🧠 Methodology & System Overview

This dashboard presents an integrated AI-driven system for the detection, quantification, and forecasting of methane emissions across Canada, using a hybrid, multi-source data fusion approach. The system combines satellite imagery, geospatial overlays, and temporal modeling to identify current hotspots and predict future methane concentrations.

📌 Data Sources

• Satellite Data (Sentinel-5P TROPOMI): Monthly gridded CH₄ (methane) concentration data collected between 2019 and 2024, processed at tile level resolution.
• Industrial Proximity & Land Use: Features derived from OpenStreetMap and provincial industrial registries, including distances to petroleum, mining, and agricultural zones.
• Environmental & Geographic Features: Data on elevation, land cover, and population density integrated using Google Earth Engine to enhance contextual learning.

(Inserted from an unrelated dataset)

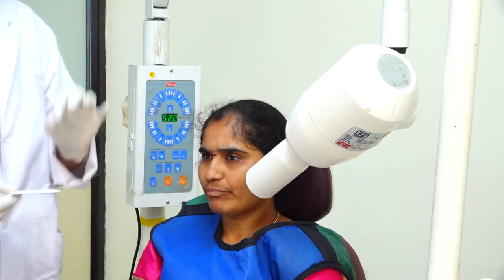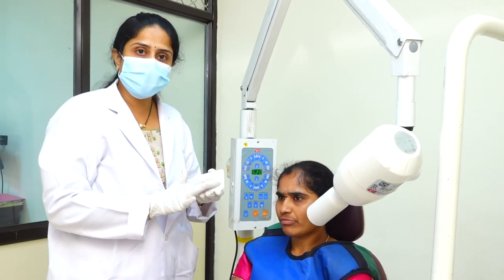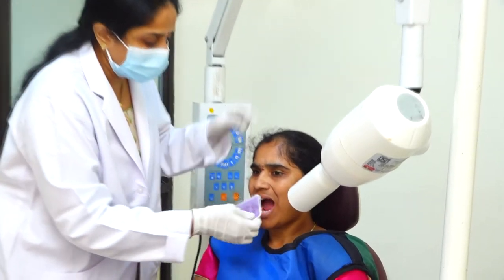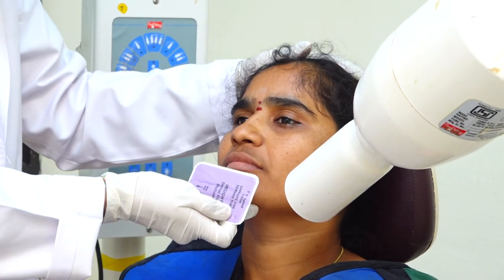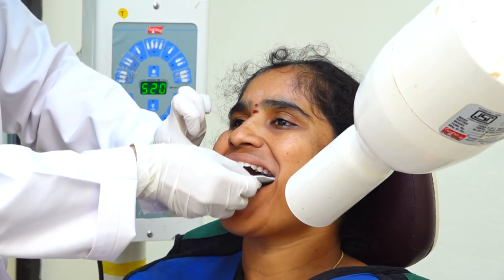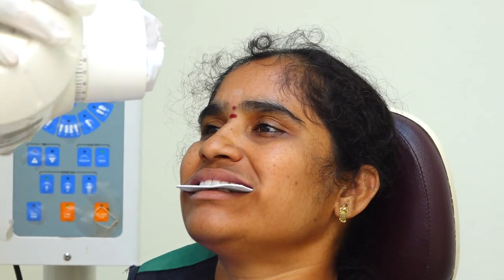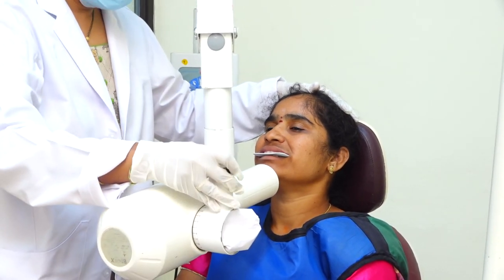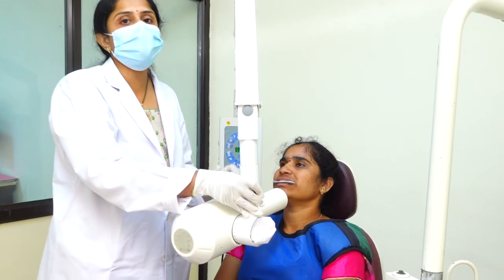Let's have a look at the mandibular occlusal radiographs. For the mandibular anterior radiograph, the white surface should be towards the tube side. The patient's occlusal plane should be at 45 degrees to the floor or horizontal plane, so the patient's head should be raised accordingly. Place the film inside the patient's oral cavity, ask the patient to bite, and adjust your angulation to minus 10 degrees. Expose the film through the tip of the chin. Note that the minus 10 degrees plus the 45-degree head tilt gives an overall angulation of minus 55 degrees.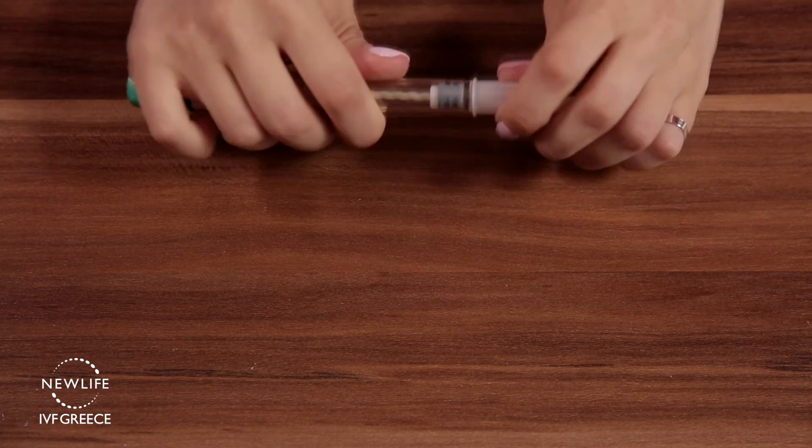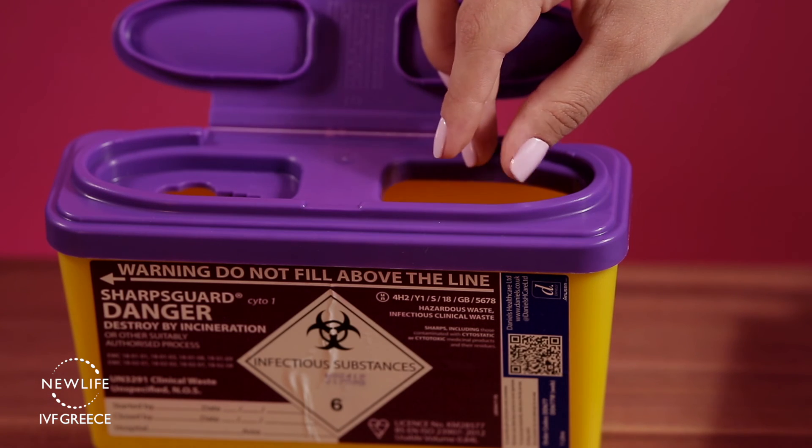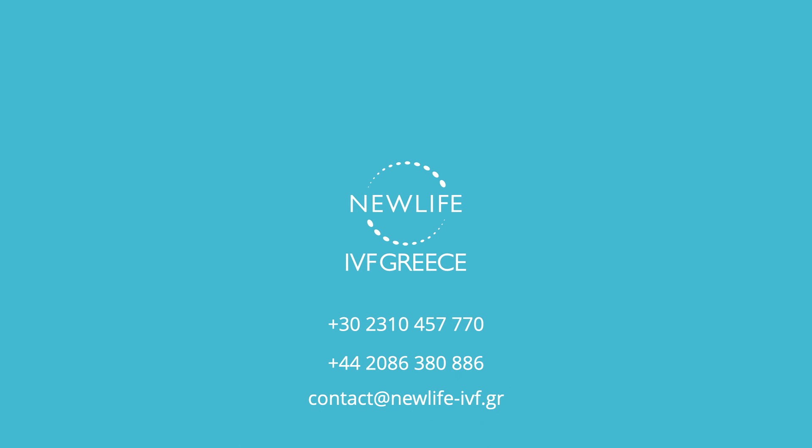Recap the pen. Dispose of the needles in a suitable container or bring them to the nearest medical facility where they can dispose of them for you. If you have any further questions, please feel free to contact our IVF unit.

Note: These datasets are not streamed in real time. They are periodically retrieved and processed in batch mode.

🧠 Modeling Approach

• Hotspot Detection: Anomaly detection using quantile-based thresholds and spatial clustering to flag high CH₄ zones.
• Forecasting: Supervised regression models (e.g., XGBoost, LSTM variants) trained to predict monthly methane concentration up to 3 years ahead.
• Feature Fusion: Spatial and temporal features are fused into structured tile-level datasets for localized and global prediction.

⚙️ System Architecture

• Preprocessing: Conducted in Google Earth Engine, with data exported for downstream modeling.
• Model Training: Performed offline using Python (scikit-learn, TensorFlow), with temporal validation splits.
• Dashboard Integration: Visualizations created using Plotly, Folium, and Leaflet.
• Deployment: This dashboard is a static web application; real-time data integration is not implemented.